Foram caracterizadas três isoformas: D1, D2 e D3. A desiodase tipo I (D1) é expressa predominantemente no fígado, rins, hipófise e tireoide (MEYER et al., 2007; NAIR, 2012) e pode tanto ativar T4 a T3 quanto desativar o T4 a T3 reverso (rT3) (BIANCO, 2006). A desiodase tipo 3 (D3) é a principal responsável pela degradação do HT, limitando sua ação biológica. Catalisa apenas o anel tirosínico do T4 e T3, gerando rT3 e T2 respectivamente. Nos indivíduos adultos, é encontrada principalmente no SNC e na pele, tendo sua ação aumentada no hipertireoidismo. No entanto, sua maior expressão se dá em tecidos fetais, placenta, útero gravídico e vasos umbilicais, garantindo que o feto não seja demasiadamente exposto ao HT ativo (WAGNER, 2001; MEYER et al., 2007).

A desiodase tipo 2 (D2) é altamente expressa no sistema nervoso central (SNC), hipófise, tecido adiposo marrom e placenta e disponibiliza T3 para o próprio tecido onde é encontrada, permitindo sua pronta utilização. Catalisa exclusivamente o anel fenólico do T4 e sua atividade é responsável por 50% da produção de T3 no córtex de seres humanos (CROTEAL et al., 1996; BIANCO, 2006).
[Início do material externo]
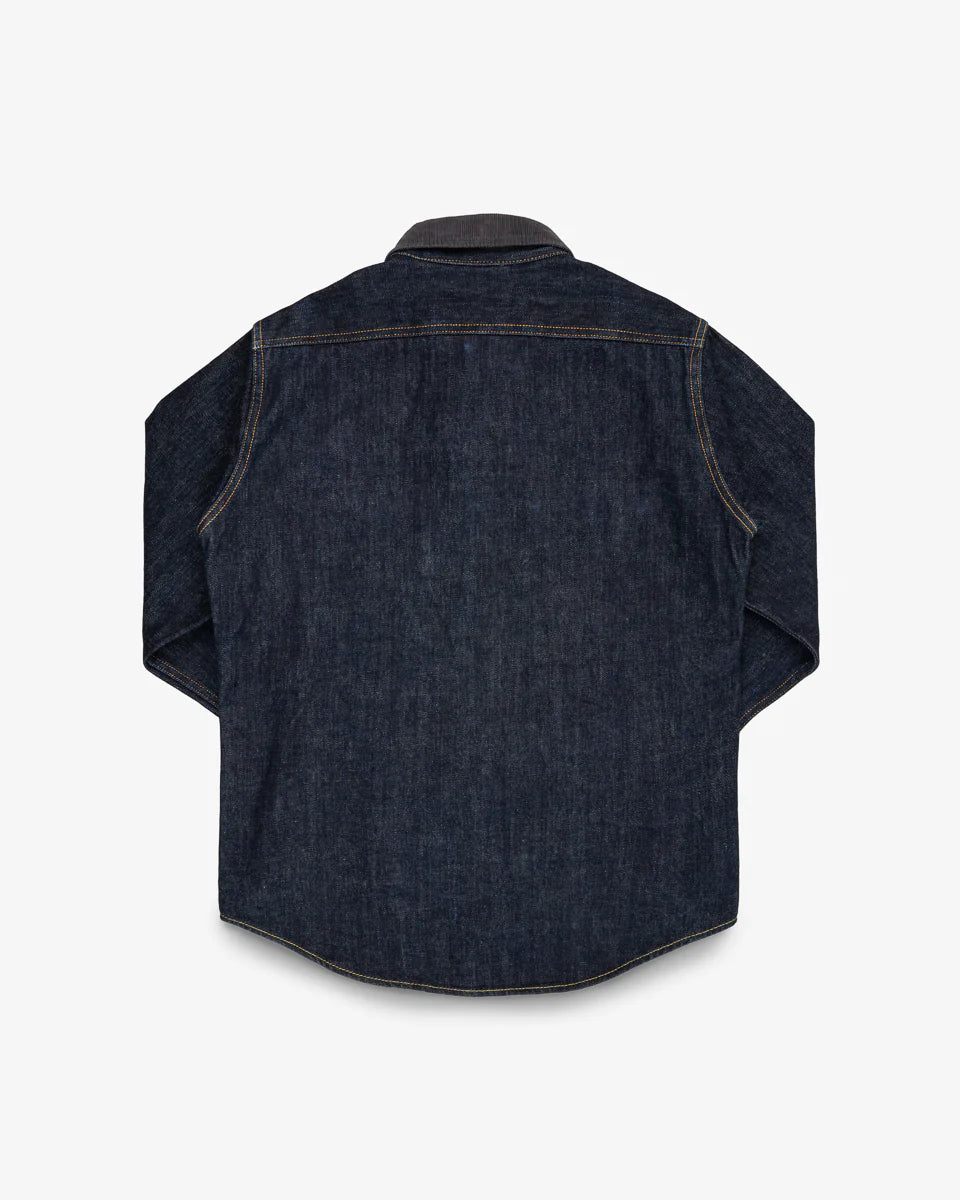 Iron Heart IHSH- 427 -16oz Vintage Selvedge Denim CPO Shirt - Indigo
Sua regulação se dá por ubiquitinação que a inativa e pode ser degradada em grandes complexos de proteases conhecidos como proteossomas. No entanto, pode ser reativada através da interação da proteína von Hippel-Lindau com as enzimas de desubiquitinação 1 e 2, VDU1 e VDU2, respectivamente. Sua atividade é aumentada no hipotireoidismo, ou seja, quando a concentração de T4 cai, ativa-se a D2, compensando a redução do substrato através do aumento da proporção relativa de T4 para T3 convertido (BIANCO, 2006).

O gene responsável pela codificação da D2, identificado por DIO2, encontra-se no cromossomo 14, posição 14q.24.2-q.23 (CELI, 2000).

Até o presente momento, são bem descritos na literatura dois polimorfismos de único nucleotídeo (SNPs) funcionais desses genes, o Thr92-Ala e o ORFa-Gly3Asp. O Thr92-Ala é associado com diabetes mellitus, risco aumentado para Doença de Graves, hipertensão arterial, osteoartrite, aumento da remodelação óssea e recuperação de lesões pulmonares. O polimorfismo ORFa-Gly3Asp também é associado a osteoartrite e alterações nos níveis séricos dos hormônios tireoidianos, sendo que para ambos polimorfismos são descritas relações com distúrbios de comportamento, humor e cognição (VERLOOP, 2014; MCANINCH & BIANCO, 2015).

Além desses polimorfismos, foram publicados apenas dois artigos citando outros SNPs. Ambos relacionam a presença dos polimorfismos rs225010, rs225012, rs2267872 e rs1388378 com deficiência cognitiva em uma população específica da região de Qin-Ba, uma área no noroeste da China reconhecida por ser deficiente em iodo (GUO, 2004; ZHANG, 2012).

Os polimorfismos rs225010 e rs225012 localizam-se no intron 2 do DIO2 (GUO,2004; BUROKER, 2014). No caso do alelo DIO2-G do rs225012, ocorre a criação de quatro sítios de ligação exclusivos para os fatores de transcrição E2F6, ELF1, EGR1 e SPI1. Esses fatores de transcrição estão envolvidos no controle do ciclo celular, na ação de proteínas supressoras de tumor, na regulação da transcrição das células mielóides e na expressão gênica durante o desenvolvimento de células B-linfóide. Já no caso do alelo DIO2-A do rs225012, há criação dois sítios de ligação para os fatores de transcrição HOXA5 e NKX3-2 TFs, envolvidos no desenvolvimento do sistema regulatório e na regulação negativa, respectivamente (BUROKER, 2014).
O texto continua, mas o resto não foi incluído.